De derde voorgestelde wijziging betreft het volgende. Bij de omzetting van de oude sectorale wetten naar de Wft was beoogd dat de ontheffingsmogelijkheden die bestaan tijdens lopend toezicht en de ontheffingsmogelijkheden die bestaan in het kader van de vergunningaanvraag, dezelfde zijn. Dat is ten onrechte evenwel niet steeds het geval. Met de derde voorgestelde wijziging worden de incongruenties ongedaan gemaakt. In het vijfde lid wordt bepaald van welke vereisten DNB een lichte ontheffing kan verlenen in het kader van de aanvraag van een vergunning voor het uitoefenen van het bedrijf van levensverzekeraar of schadeverzekeraar met zetel in Nederland. Daarbij is ook met de wijziging zoals voorgesteld in het eerste onderdeel rekening gehouden.

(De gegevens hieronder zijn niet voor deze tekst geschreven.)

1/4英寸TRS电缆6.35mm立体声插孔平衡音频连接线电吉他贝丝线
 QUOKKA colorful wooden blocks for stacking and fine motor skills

De verwijzing naar artikel 3:53, van de Wft, met betrekking tot het minimum eigen vermogen, vervalt. Bij de vergunningaanvraag en tijdens het lopend toezicht kan een verzekeraar namelijk niet worden ontheven van de verplichting met betrekking tot het minimum eigen vermogen.

UU

De in dit onderdeel voorgestelde wijziging is van redactionele aard.

VV

In dit artikel worden vergunningvereisten genoemd waaraan moet worden voldaan door een ieder met zetel in een andere lidstaat die naar het recht van die lidstaat geen vergunning behoeft te hebben noch deze op vrijwillige basis heeft verkregen, en die voornemens is vanuit een in Nederland gelegen bijkantoor het bedrijf van levensverzekeraar of schadeverzekeraar uit te oefenen. Dit gebeurt door te verwijzen naar de voorschriften in het Deel Prudentieel toezicht financiële ondernemingen. Bij de omzetting van de oude sectorale wetten naar de Wft was beoogd dat de ontheffingsmogelijkheden die bestaan tijdens lopend toezicht en de ontheffingsmogelijkheden die bestaan in het kader van de vergunningaanvraag, dezelfde zijn. Dat is ten onrechte evenwel niet steeds het geval. Met de in dit onderdeel voorgestelde wijzigingen worden de incongruenties ongedaan gemaakt.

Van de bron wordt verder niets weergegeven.